An important aspect in the development of small molecules as drugs or agro-chemicals is their systemic availability after intravenous and oral administration. The prediction of the systemic availability from the chemical structure of a potential candidate is highly desirable, as it allows to focus the drug or agrochemical development on compounds with a favorable kinetic profile. However, such pre-dictions are challenging as the availability is the result of the complex interplay between molecular properties, biology and physiology and training data is rare.
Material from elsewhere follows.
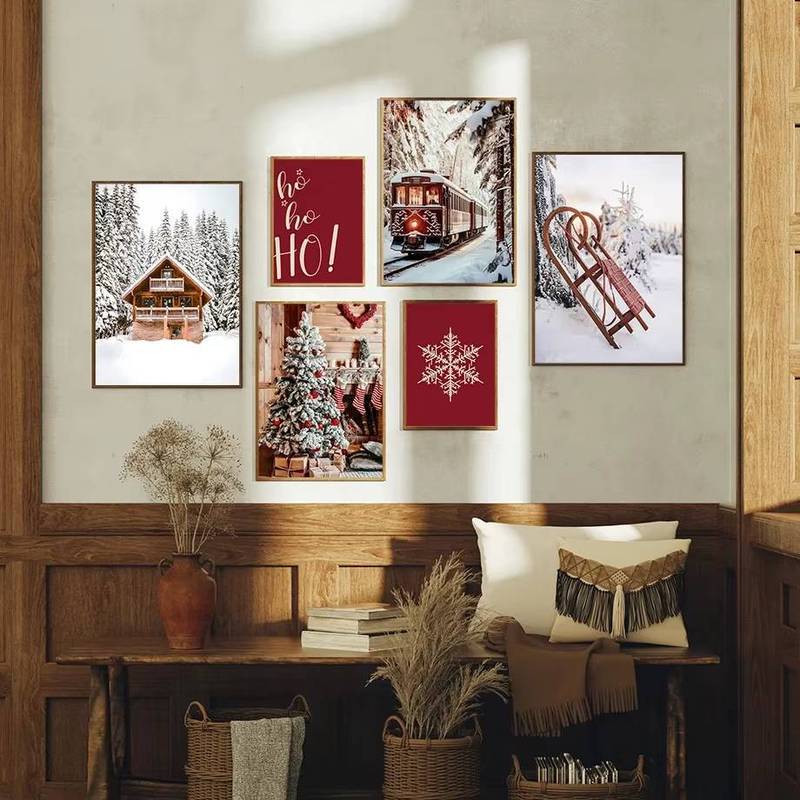 Mùa Đông Tuyết Phong Cảnh Xe Lửa Treo Tường Nghệ Thuật ChristmasTree Bông Tuyết Poster Tranh Canvas Phòng Trưng Bày Giáng Sinh Bộ Treo Tường Ngày Lễ Trang Trí Phòng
In this work we improve the hybrid model developed earlier [1]. We reduce the median fold change error for the total oral exposure from 2.85 to 2.35 and for intravenous administration from 1.95 to 1.62. This is achieved by training on a larger data set, improving the neural network architecture as well as the parametrization of mechanistic model. Further, we extend our approach to predict additional endpoints and to handle different covariates, like sex and dosage form. In contrast to a pure machine learning model, our model is able to predict new end points on which it has not been trained. We demonstrate this feature by predicting the exposure over the first 24h, while the model has only been trained on the total exposure.

翻译：在开发作为药物或农用化学品的小分子过程中，其经静脉和口服给药后的系统暴露量是重要考量因素。从候选化合物的化学结构预测系统暴露量极具价值，因为这能使药物或农用化学品开发聚焦于具有良好动力学特征的化合物。然而，此类预测面临挑战，因为暴露量是分子性质、生物学与生理学之间复杂相互作用的结果，且训练数据稀缺。本研究改进了前期开发的混合模型[1]，通过使用更大规模数据集训练、优化神经网络架构及改进机制模型的参数化方法，将口服总暴露量的中位数倍变化误差从2.85降至2.35，静脉给药误差从1.95降至1.62。此外，我们扩展了该方法以预测额外终点并处理不同协变量（如性别和剂型）。与纯机器学习模型不同，本模型能够预测未训练过的新终点——我们通过仅训练于总暴露量的模型预测前24小时暴露量，验证了这一特性。